Socrates is quoted as saying, "The unexamined life is not worth living."

Some very interesting words to ponder. I've had lots of time to think about my 45 years in life. To some, that 45 years might seem like a long time. I know it seems like I'm very old in my 9-year-old son's eyes. But to others, that 45 years seems like just a drop in the bucket. To my dad, who just turned 77, I'm sure he thinks 45 was just a few moments ago.

I read online the other day that there are only a few people alive who were born in the 19th century. That would make them more than 115 years old. Can you imagine what all they have seen in their lifetimes?

But back to mine.

45 and one-half years. That's about 16,500 days - give or take a few.

Richard Nixon was in the White House when I was born. Just one month and ten days later, Neil Armstrong walked on the moon. The fall of Vietnam. The Bi-Centennial in 1976. Bruce Jenner and Nadia Comaneci excel in the 1976 Summer Olympic Games. Star Wars. The 444 days of hearing Walter Cronkite tell us about the hostage crisis in Iran.  The launch of the first Space Shuttle. Ronald Reagan is shot. Sony introduces the Walkman.

I've spent several hours these past few weekends going through thousands of photographs my mom had kept throughout her 57-year marriage to my dad. Some of the photos even pre-date their marriage. It's been fun to look through these glimpses of our past. I've especially enjoyed the ones that were taken before my birth. As the youngest grandchild on my mother's side and the third to the youngest on my dad's side, there are lots of older cousins in these photos. It's been fun to look back and think.

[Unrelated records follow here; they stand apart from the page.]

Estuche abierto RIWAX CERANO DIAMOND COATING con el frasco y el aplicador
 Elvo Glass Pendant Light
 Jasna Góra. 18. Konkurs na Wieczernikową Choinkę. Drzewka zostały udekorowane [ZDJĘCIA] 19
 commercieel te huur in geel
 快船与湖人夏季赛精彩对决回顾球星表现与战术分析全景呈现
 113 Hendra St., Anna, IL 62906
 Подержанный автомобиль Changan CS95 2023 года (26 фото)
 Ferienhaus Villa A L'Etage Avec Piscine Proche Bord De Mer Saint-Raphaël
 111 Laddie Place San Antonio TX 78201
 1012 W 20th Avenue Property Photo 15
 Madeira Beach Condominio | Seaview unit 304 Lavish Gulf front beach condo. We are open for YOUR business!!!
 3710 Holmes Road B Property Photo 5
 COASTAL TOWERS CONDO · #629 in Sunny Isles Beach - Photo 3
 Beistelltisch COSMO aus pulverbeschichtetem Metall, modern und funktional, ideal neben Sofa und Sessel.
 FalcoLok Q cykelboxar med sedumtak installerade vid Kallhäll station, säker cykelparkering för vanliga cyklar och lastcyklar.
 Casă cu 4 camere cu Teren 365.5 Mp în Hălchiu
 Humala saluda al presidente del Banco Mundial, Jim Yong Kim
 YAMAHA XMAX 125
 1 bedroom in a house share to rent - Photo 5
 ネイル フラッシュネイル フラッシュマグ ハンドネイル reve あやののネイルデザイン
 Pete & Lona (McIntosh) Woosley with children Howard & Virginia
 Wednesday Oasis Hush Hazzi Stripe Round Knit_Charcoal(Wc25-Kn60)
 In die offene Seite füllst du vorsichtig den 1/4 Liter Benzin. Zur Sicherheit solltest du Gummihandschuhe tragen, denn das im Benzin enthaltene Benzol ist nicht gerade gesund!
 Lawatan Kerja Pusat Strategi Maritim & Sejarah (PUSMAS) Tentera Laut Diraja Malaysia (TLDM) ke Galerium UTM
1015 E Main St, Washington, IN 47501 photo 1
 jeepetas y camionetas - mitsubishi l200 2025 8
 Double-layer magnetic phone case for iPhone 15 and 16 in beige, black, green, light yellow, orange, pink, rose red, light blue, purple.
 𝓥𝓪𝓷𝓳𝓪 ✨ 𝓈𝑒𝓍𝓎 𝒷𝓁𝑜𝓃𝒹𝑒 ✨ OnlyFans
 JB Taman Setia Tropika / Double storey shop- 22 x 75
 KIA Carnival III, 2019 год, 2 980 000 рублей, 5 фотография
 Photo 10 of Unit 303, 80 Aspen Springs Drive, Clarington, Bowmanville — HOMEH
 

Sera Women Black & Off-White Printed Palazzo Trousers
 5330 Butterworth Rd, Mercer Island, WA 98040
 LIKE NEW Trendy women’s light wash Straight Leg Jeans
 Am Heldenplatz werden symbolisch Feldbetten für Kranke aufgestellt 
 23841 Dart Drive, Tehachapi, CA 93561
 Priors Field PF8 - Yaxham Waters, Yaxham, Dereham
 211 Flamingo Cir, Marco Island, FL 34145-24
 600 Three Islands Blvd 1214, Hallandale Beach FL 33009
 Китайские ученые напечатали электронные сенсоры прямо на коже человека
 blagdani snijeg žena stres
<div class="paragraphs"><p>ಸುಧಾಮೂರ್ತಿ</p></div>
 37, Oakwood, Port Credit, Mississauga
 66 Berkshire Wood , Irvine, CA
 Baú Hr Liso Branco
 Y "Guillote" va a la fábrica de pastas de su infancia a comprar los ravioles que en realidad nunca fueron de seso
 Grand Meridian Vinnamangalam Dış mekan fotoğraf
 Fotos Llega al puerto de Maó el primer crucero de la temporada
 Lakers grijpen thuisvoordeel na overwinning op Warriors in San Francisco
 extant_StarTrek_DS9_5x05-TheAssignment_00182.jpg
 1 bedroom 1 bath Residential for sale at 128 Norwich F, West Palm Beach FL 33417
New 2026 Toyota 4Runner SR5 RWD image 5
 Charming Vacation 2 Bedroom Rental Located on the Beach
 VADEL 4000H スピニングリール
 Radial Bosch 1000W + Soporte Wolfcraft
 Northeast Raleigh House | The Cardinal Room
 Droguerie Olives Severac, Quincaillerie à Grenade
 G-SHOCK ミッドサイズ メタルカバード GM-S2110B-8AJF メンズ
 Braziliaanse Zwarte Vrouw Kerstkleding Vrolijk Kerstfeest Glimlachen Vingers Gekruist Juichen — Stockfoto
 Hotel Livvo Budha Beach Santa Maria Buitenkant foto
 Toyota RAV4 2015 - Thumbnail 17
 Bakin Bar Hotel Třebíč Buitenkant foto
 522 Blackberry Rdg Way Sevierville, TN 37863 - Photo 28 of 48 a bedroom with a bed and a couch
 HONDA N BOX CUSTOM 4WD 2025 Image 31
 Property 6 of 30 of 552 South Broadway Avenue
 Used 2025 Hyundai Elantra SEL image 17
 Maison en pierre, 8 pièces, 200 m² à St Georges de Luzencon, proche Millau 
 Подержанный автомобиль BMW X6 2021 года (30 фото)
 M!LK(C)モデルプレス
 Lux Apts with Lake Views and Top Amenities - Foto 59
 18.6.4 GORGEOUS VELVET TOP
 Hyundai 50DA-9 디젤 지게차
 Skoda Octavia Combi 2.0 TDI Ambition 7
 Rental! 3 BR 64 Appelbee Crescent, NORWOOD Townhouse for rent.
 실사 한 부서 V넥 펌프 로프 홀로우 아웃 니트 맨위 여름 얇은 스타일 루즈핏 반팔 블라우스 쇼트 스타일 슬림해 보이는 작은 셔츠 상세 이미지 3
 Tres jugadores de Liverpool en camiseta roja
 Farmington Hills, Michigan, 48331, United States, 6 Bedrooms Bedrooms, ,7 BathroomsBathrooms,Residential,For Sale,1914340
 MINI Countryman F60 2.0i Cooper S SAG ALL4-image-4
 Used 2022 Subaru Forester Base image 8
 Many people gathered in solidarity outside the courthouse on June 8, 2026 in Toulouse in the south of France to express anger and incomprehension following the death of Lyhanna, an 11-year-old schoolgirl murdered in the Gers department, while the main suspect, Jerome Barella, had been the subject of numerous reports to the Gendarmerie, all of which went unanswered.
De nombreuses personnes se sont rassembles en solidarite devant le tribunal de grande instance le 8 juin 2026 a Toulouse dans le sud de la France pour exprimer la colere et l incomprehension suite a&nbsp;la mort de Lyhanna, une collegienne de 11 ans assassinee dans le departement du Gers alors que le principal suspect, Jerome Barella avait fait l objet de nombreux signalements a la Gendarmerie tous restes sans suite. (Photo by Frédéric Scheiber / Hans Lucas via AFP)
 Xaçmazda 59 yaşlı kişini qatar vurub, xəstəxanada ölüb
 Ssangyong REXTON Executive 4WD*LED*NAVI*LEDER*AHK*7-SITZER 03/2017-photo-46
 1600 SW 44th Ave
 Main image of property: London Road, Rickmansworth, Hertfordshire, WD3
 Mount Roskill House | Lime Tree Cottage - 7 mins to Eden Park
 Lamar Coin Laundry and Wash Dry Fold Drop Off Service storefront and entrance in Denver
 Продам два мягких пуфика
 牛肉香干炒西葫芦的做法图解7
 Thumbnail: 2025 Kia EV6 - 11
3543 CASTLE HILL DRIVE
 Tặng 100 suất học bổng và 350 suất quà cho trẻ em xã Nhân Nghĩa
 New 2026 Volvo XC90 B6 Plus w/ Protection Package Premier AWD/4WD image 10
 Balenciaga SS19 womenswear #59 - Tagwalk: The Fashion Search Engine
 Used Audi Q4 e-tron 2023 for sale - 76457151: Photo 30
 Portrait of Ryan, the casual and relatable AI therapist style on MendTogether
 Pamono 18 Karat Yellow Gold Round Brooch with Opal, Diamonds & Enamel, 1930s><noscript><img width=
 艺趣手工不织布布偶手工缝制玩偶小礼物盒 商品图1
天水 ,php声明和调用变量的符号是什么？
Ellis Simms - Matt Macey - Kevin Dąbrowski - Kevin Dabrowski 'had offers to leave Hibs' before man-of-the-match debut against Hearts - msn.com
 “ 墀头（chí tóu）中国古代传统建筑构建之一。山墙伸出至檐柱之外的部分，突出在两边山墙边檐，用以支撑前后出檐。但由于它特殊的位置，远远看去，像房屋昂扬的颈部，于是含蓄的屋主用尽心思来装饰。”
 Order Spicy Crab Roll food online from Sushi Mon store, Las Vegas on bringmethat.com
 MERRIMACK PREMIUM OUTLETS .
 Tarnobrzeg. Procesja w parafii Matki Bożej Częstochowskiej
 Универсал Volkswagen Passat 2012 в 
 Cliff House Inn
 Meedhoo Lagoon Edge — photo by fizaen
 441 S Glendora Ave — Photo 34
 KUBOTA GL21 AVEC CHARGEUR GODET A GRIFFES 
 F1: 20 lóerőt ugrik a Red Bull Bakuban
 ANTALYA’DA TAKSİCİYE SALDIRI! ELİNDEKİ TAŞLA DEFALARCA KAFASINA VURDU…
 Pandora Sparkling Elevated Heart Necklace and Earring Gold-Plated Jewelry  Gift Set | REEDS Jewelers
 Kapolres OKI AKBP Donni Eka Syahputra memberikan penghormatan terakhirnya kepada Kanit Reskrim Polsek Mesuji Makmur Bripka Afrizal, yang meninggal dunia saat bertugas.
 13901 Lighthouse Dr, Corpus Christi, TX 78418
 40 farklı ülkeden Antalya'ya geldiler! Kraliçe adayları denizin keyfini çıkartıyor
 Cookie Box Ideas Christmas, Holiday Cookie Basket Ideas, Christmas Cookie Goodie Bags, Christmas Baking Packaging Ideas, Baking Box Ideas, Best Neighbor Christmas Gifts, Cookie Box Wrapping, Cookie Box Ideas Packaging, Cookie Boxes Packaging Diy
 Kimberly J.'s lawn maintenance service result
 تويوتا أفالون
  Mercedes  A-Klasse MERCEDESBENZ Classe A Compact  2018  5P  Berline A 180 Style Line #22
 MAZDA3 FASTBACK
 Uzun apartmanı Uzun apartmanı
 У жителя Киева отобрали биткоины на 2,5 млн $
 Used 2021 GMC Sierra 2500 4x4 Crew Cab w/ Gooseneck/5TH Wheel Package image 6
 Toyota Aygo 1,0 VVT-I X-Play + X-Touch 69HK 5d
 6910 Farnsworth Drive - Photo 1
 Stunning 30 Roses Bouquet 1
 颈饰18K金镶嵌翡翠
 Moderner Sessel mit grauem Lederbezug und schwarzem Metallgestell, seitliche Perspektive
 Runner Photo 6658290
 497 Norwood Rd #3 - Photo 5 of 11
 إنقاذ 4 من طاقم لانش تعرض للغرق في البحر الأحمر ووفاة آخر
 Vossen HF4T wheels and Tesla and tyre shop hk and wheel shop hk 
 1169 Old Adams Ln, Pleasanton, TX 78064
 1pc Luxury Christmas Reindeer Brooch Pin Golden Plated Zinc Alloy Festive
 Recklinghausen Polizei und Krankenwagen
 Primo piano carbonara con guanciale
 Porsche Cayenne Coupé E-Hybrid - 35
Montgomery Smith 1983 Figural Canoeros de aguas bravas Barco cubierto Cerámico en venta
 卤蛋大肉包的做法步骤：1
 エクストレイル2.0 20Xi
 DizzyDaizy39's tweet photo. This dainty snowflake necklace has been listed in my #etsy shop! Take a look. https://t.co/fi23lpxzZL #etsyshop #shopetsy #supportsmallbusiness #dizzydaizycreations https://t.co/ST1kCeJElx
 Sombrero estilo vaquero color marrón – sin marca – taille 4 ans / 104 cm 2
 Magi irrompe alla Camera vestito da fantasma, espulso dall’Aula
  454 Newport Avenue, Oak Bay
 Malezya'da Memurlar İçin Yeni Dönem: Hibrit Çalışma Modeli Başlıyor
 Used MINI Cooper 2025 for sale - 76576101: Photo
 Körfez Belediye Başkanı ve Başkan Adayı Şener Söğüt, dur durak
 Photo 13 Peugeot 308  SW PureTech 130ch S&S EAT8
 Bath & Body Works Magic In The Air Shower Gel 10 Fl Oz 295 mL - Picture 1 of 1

Think about what was going through my parents' minds when they were taking those pictures. It was a simpler time, but yet a time filled with turmoil. 1968 was a pretty tragic year when we think about the killings of Martin Luther King, Jr. and Robert Kennedy. There were major riots at the national political conventions. War made headlines daily. But yet, my parents were doing there best to raise a "normal" family in mid-America. I remember when I was probably about 10 years old and had realized I was born during the Vietnam Conflict, I was almost appalled to think that my parents would have a child in time of war. Why were they not fighting the fight of the war effort and making sure to do their best to conserve food and energy for the war effort? Obviously I had seen too many episodes of MASH on TV and read too much about WWII, of which, they were just young children when we went to war in 1942. They were just living their lives in middle America.

When I was just one, they decided to pack up us kids and their belongings and move back their home town to raise a family. I believe it was the best decision they ever made. We were raised with many cousins living up and down the street and grandparents living just blocks away - not thousands of miles like some of today's families face.

I feel so lucky to have grown up in a small town (population 700) in Northwest Kansas. One set of grandparents lived just two blocks to the south and the other set of grandparents lived four blocks to the east of our house on Main Street. Several of my dad's siblings raised their families in the same community - so there were lots of cousins around all the time. In my senior year of high school, there were 23 of us. Of those 23, at least half of us (if not more) started together in Kindergarten and now many of us are connected once again by social media.

Although I am raising my family in a bigger town (20,000), I still love living in Western Kansas. We're some of the nicest people you'll ever meet.

Well, I'm done rambling for now. I wonder what the next 45 years will be like?